Friday 1 May 2009

Happy May Day!


Monday, the 4th of May is a Bank Holiday over here in England. What with getting a 4-day weekend over Easter, an early May Bank Holiday and a late May Bank Holiday, I always thought those two months were pretty brilliant. However, I never understood why a largely secular country like the UK would go so overboard about Easter when the US never has, or what was the significance, if any, of either of the May holidays here in the UK.

From cursory reading I find that May Day is a pagan celebration of their first day of summer, or of spring planting, depending upon which website one reads. I was sort of thinking that the early May Bank Holiday might have something to do with May Day, but apparently not.

You would be forgiven for thinking we all feast and prance around the village Maypole on the 1st of May over here, but I've yet to ever see it. In fact, the celebrations in this area appear to be few and far between. I suppose most folks are at work on Friday before the long weekend.


One website says that the US doesn't celebrate May Day because the Puritans didn't care for the holiday. No church cared much for the holiday, it would seem. In fact, Mayday and the Maypole were abolished in the 1600's over here.

I heard sometime soon after moving here that the US didn't celebrate May Day because it was connected with the labour rights movement.
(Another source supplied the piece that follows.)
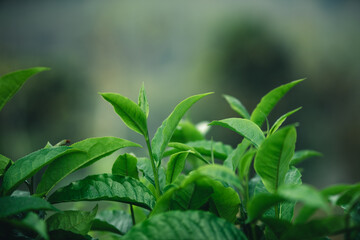 Fototapeta na wymiar Fresh green tea leaf shoots in nature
That didn't make much sense to me, as I didn't think labour rights organisations would be fighting for the right to feast and prance...

This website does a good job of explaining about the ancient history of May Day and then the labour fight for an 8-hour day in the 1880's in Chicago. It's a pretty scary story, actually, but most of us are grateful that we had 8 rather than 10-12-14 hour work days. Once the authors of this website go into the modern May Day stuff, I lose interest, though...

And why is Mayday the code word for a distress signal, anyhow? Turns out it's from the French, venez m'aider, meaning 'come help me'.


Anyhow, Happy May Day!





2 comments:

Anonymous said...

Love the flowers. I am trying to grow some this year. They are in and have set up an automatic watering system in hopes they will make it.

I remember May day celebrations, but then I am older than you. Also thought May Day turned into Earth Day over here. But this year Earth Day was celebrated in April.

Guess I am really old and losing it.

Joanne

Rick Stone said...

Actually, Easter used to be a big deal here in the middle of America. When I was in high school we always got out of school on the Friday before and the Monday after Easter. It was called the Easter Holiday. Later, the secularlist got involved and those two days out of school were taken away and replaced with spring break, just like the collges do. Now spring break is not normally the same week as Easter.

As for Mayday, back in the 1950's the grade school kids actually did go out to the play ground and to the Maypole thing, using a tether-ball pole to wrap the ribbons around. I never really understood the Maypole or Mayday either.